Fica evidente que as forças políticas tensionam em direção oposta à força científica. Estas forças políticas, por meio da velha politicagem de compadrio e apadrinhamento, muito conhecida na história e cultura política brasileira, minaram toda a capacidade de produção científica do MARSUL, que gerou consequências óbvias de identidade da instituição. Afinal, um Museu Arqueológico sem atividades de pesquisa, perde o sentido de existir. A falta de identidade, gera a sensação "peso morto" nas costas do Estado que permite, por parte do Município, a tensão pela apropriação dos prédios e da área. Em suma, as forças políticas são complementares, uma quer se livrar e a outra quer se apropriar, enquanto a força científica não produz efeitos sobre a gestão.
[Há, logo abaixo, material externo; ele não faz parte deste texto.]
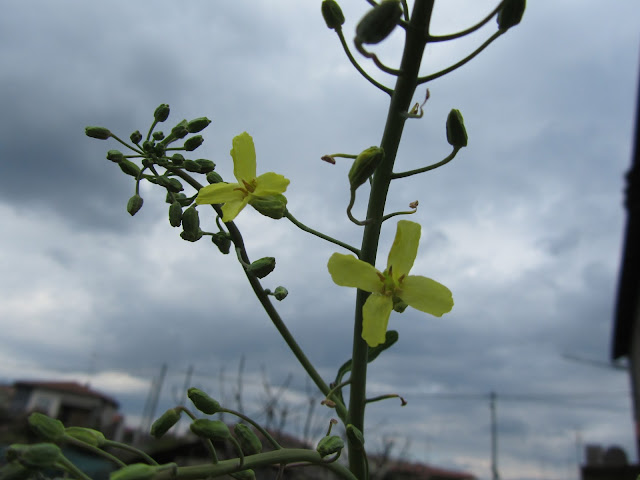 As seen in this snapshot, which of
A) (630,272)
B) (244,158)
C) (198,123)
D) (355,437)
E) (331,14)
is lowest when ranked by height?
(355,437)

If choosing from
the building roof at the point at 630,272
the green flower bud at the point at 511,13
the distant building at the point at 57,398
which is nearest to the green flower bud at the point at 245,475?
the green flower bud at the point at 511,13

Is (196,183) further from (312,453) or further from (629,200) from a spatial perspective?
(629,200)

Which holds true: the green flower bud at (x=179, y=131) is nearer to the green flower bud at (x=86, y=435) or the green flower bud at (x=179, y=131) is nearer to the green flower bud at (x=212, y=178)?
the green flower bud at (x=212, y=178)

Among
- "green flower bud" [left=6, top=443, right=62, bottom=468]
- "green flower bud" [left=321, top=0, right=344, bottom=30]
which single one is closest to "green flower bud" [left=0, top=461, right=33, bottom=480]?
"green flower bud" [left=6, top=443, right=62, bottom=468]

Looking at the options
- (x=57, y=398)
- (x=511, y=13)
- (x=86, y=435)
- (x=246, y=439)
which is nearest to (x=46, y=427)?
(x=86, y=435)

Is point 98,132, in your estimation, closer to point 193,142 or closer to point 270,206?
point 193,142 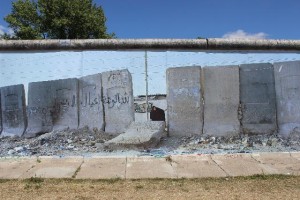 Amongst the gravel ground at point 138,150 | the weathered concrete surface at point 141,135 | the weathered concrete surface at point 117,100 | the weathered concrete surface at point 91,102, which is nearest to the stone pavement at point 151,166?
the gravel ground at point 138,150

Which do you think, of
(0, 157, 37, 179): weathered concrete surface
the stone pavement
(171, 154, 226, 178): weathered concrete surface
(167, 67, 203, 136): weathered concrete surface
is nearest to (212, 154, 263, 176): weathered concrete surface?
the stone pavement

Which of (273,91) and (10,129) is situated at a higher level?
(273,91)

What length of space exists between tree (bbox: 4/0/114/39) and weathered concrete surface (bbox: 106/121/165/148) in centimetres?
1732

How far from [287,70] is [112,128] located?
3359mm

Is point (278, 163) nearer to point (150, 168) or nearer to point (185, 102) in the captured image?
point (150, 168)

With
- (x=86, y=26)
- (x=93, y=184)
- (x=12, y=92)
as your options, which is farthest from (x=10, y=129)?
(x=86, y=26)

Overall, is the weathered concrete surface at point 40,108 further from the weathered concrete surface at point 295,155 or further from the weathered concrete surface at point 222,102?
the weathered concrete surface at point 295,155

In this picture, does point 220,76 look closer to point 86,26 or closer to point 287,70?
point 287,70

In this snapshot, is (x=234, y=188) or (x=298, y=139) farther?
(x=298, y=139)

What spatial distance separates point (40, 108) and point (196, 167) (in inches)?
146

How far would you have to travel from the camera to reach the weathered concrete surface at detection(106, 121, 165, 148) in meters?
6.70

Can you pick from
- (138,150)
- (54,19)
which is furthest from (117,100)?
(54,19)

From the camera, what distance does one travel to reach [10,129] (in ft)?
26.1

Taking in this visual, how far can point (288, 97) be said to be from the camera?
7.15m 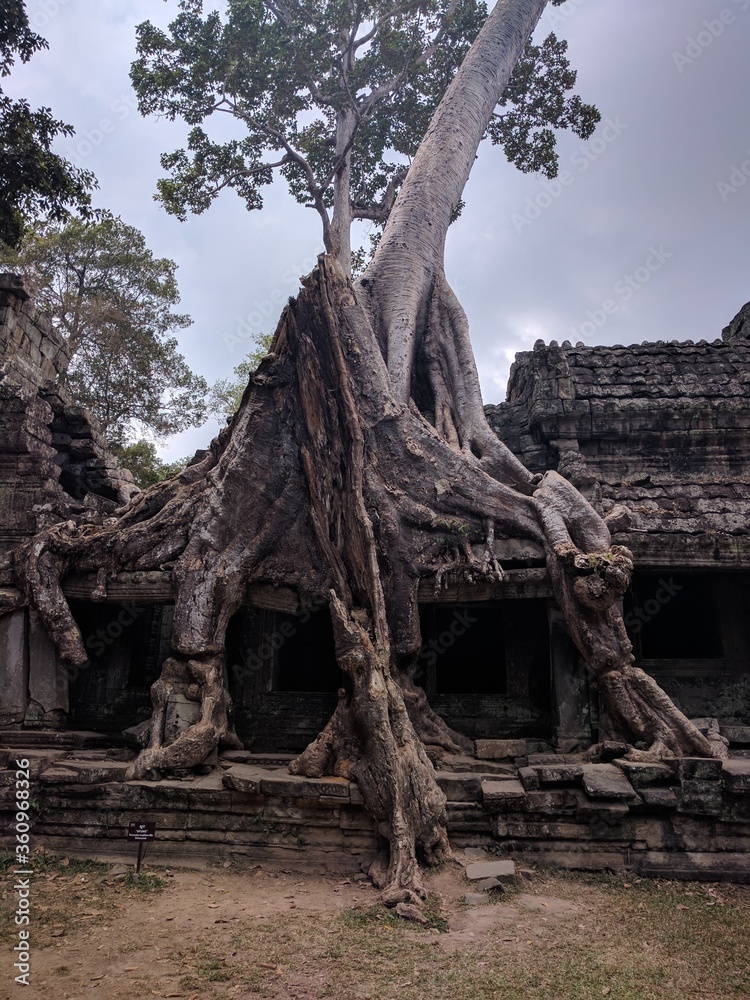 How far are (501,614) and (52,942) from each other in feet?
16.3

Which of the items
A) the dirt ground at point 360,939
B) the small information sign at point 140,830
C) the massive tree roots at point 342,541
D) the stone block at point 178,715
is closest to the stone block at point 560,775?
the dirt ground at point 360,939

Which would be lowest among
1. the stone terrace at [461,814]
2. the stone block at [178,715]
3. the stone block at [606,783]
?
the stone terrace at [461,814]

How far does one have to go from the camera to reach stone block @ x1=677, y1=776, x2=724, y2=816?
4734 millimetres

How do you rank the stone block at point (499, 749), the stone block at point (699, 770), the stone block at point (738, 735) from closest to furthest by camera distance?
the stone block at point (699, 770)
the stone block at point (499, 749)
the stone block at point (738, 735)

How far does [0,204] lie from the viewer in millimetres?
7844

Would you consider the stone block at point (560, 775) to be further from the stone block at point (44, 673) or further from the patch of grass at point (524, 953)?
the stone block at point (44, 673)

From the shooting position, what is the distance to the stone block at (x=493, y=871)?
4.46 meters

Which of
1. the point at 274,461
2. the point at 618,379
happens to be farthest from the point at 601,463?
the point at 274,461

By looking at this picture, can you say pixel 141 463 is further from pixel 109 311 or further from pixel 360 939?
pixel 360 939

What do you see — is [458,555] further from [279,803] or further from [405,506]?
[279,803]

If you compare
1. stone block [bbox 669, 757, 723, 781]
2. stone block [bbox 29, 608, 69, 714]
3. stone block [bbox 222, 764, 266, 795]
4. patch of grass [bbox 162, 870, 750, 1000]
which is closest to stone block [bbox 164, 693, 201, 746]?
stone block [bbox 222, 764, 266, 795]

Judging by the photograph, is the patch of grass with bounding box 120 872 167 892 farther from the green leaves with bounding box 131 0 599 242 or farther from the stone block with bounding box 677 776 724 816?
the green leaves with bounding box 131 0 599 242

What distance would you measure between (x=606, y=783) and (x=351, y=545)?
2.72 meters

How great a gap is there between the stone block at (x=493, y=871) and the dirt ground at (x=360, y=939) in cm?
7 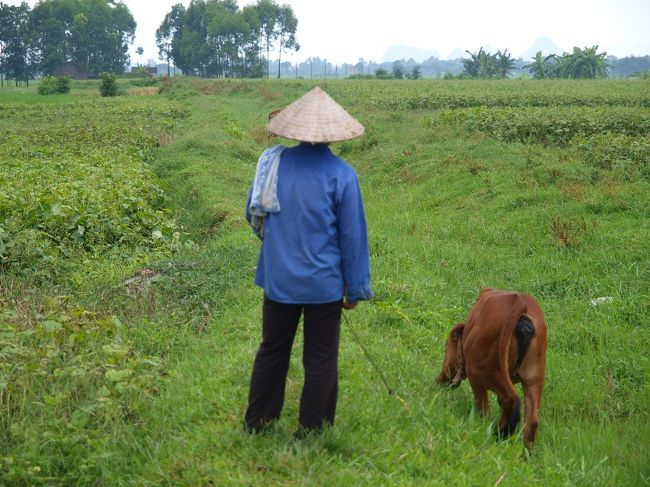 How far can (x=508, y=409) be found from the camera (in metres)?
4.26

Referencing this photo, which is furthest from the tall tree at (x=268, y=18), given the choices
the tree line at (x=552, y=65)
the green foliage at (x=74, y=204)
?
the green foliage at (x=74, y=204)

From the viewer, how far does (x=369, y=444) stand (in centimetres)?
394

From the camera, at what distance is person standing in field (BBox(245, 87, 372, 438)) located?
3744 millimetres

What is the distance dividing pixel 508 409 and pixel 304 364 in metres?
1.31

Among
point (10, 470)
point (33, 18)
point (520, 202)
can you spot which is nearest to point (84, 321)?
point (10, 470)

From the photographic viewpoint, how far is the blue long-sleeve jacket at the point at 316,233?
147 inches

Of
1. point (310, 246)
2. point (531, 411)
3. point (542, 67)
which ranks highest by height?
point (542, 67)

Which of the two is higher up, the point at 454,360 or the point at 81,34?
the point at 81,34

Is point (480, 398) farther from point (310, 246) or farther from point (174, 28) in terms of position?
point (174, 28)

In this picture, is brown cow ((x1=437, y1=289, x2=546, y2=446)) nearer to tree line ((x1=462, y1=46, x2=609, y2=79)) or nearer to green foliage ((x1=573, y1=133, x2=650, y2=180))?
green foliage ((x1=573, y1=133, x2=650, y2=180))

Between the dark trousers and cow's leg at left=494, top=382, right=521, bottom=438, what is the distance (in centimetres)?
106

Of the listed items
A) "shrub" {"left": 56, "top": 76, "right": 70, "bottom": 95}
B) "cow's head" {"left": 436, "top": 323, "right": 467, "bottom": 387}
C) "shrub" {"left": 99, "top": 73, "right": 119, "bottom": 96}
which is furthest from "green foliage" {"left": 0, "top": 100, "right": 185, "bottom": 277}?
"shrub" {"left": 56, "top": 76, "right": 70, "bottom": 95}

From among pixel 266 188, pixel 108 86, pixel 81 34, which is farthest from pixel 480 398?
pixel 81 34

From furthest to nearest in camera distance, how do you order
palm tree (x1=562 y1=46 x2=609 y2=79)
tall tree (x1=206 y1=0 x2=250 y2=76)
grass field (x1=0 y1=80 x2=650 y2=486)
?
tall tree (x1=206 y1=0 x2=250 y2=76) < palm tree (x1=562 y1=46 x2=609 y2=79) < grass field (x1=0 y1=80 x2=650 y2=486) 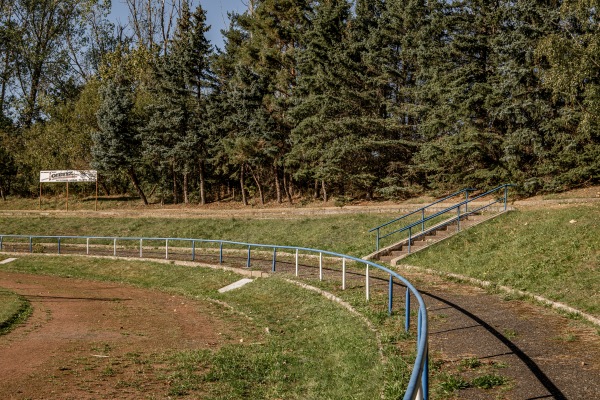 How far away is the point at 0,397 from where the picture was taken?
26.9ft

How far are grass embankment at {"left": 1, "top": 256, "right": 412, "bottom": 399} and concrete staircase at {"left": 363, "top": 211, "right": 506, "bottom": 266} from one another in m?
5.45

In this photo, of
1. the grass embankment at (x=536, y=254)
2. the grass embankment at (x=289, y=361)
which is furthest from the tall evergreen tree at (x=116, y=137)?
the grass embankment at (x=536, y=254)

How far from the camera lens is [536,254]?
609 inches

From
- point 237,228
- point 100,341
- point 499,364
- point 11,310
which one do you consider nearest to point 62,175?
point 237,228

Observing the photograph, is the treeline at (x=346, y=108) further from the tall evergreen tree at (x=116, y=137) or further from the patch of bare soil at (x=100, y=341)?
the patch of bare soil at (x=100, y=341)

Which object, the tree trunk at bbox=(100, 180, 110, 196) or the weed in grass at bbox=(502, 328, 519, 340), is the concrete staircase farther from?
the tree trunk at bbox=(100, 180, 110, 196)

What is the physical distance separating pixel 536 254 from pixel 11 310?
15443mm

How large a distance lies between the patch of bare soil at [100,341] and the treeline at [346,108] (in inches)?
611

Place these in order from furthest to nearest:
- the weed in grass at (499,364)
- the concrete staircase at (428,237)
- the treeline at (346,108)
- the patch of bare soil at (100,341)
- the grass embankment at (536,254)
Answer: the treeline at (346,108) < the concrete staircase at (428,237) < the grass embankment at (536,254) < the patch of bare soil at (100,341) < the weed in grass at (499,364)

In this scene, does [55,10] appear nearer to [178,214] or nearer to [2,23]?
[2,23]

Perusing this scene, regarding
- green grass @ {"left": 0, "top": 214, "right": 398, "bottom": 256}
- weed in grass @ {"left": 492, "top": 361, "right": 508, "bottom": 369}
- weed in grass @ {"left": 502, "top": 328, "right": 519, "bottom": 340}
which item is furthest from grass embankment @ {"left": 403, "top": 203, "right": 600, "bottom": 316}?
green grass @ {"left": 0, "top": 214, "right": 398, "bottom": 256}

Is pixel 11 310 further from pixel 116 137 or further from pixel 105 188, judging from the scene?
pixel 105 188

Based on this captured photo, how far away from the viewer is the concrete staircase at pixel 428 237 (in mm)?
19781

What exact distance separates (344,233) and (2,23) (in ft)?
165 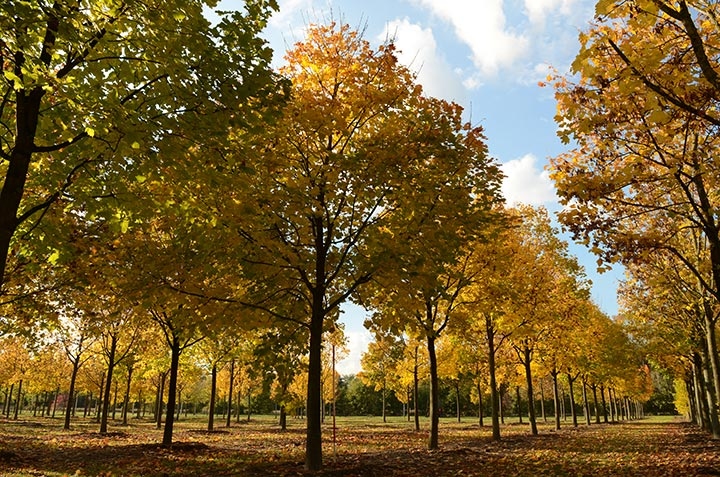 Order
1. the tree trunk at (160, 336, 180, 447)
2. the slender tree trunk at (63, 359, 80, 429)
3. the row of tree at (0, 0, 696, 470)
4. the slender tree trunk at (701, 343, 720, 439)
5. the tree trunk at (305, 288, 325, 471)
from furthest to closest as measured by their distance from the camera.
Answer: the slender tree trunk at (63, 359, 80, 429)
the slender tree trunk at (701, 343, 720, 439)
the tree trunk at (160, 336, 180, 447)
the tree trunk at (305, 288, 325, 471)
the row of tree at (0, 0, 696, 470)

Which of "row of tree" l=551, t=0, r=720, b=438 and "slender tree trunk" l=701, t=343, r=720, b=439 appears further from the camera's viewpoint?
"slender tree trunk" l=701, t=343, r=720, b=439

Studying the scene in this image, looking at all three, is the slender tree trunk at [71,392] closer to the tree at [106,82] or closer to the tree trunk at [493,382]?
the tree trunk at [493,382]

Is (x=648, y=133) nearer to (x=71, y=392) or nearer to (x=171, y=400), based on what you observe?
(x=171, y=400)

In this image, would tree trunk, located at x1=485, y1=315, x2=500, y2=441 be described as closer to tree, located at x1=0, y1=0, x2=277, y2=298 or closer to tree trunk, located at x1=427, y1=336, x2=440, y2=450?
tree trunk, located at x1=427, y1=336, x2=440, y2=450

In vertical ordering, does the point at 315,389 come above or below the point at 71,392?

Esta situação acabou gerando uma ação judicial que gerou uma condenação do Governo do Estado, fincando este obrigado a recuperar os prédios do Museu. No entanto, as ações judiciais ainda não alcançaram o âmago do problema do MARSUL, aquilo que podemos denominar de "insegurança institucional"! Situação em que as forças políticas tencionam e afogam a força científica, proporcionando uma enorme confusão sobre os limites e os papéis de cada ator sobre o espaço, causando a real situação de risco àquele importantíssimo acervo arqueológico e documental.